Um Requiem.

A cama estava plenamente arrumada, como poucas vezes estivera, e em seu centro havia uma caixinha de madeira nobre, herança de família, e ao lado uma folha de papel com alguns garranchos que pretendiam justificar o injustificável; era só mais uma repetição do que mais fizera durante toda vida: desculpar-se.

Entrou no quarto com seu terno largo e sapatos lustradíssimos, carregava em suas mãos um saco de pão com duas aberturas para os olhos, sentou-se com seus 48 quilos na beirada da cama e não olhou para o espelho à sua frente antes de vestir o saco e se ajeitar de modo à acomodar suas hemorróidas no colchão. Agora sim, olhou e viu à si mesmo, a cabeça em forma de saco, os olhos verdes sem brilho, trincados, o terno sobrando sobre seus ossos e as mãos muito brancas e magras que foram trêmulas em direção ao papel, lembrava muito um títere tosco de algum teatro de bonecos esquecido, mas não haviam cordas, não havia ninguém no controle.

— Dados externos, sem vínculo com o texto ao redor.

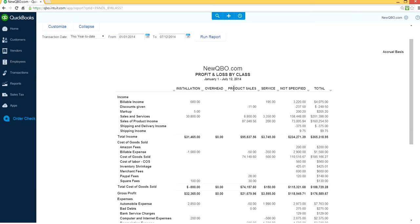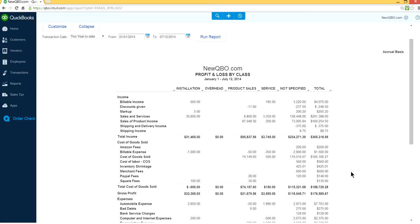I have installation class, overhead class, product sales class, service, and the big one here is 'not specified.' What that means is when you enter transactions without an assigned class, they appear here.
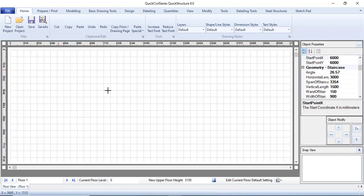Hello everyone, welcome to the 11th episode of the QuickCivil series for beginners. In this episode, I will be showing you how you can model a stair in QuickCivil series and how you can design it.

Releu as 36 palavras que usara pra dizer o quanto estava cansado e fodido demais para tentar qualquer outra coisa que sabia, não daria certo. Isso feito, o homem com a cabeça de saco pegou sua caixinha e a colocou em seu colo, enquanto repassava sua vida em pensamento. Seus momentos-chave, as oportunidades que tivera de ser feliz e que escorreram por entre seus dedos ou bateram em sua porta enquanto dormia. Pensou nas três mulheres de sua vida e apesar de todas terem-no abandonado, sentiu-se ainda um cara de sorte por alguns segundos. Poderia ter sido melhor? Por que não foi? Já não importa.

Pensou nos filhos que nunca teria, na árvore que não plantou e nos livros que jamais seriam publicados, nos retratos que não colaria na parede e na Europa distante, com suas ruas e cafés e francesinhas que jamais provaria, e na aposta que perderia por não passar dos 27. Pensou que se pudesse voltar aos 20 faria tudo diferente.

Então abriu a caixa e sacou o calibre 38 de dentro, apontou para seu reflexo patético no espelho, fingindo atirar com uma onomatopéia tipo bang!, depois apontou na direção da têmpora direita enquanto pensava na sujeira que faria.

Então, antes de pintar as paredes de vermelho-sangue, acrescentou um post-scriptum no bilhete onde pedia à Maria, a faxineira, que o perdoasse.

O garoto acordou assustado e tremendo, atrasado para o colégio, calçou rápido o tênis e foi correndo comprar pão.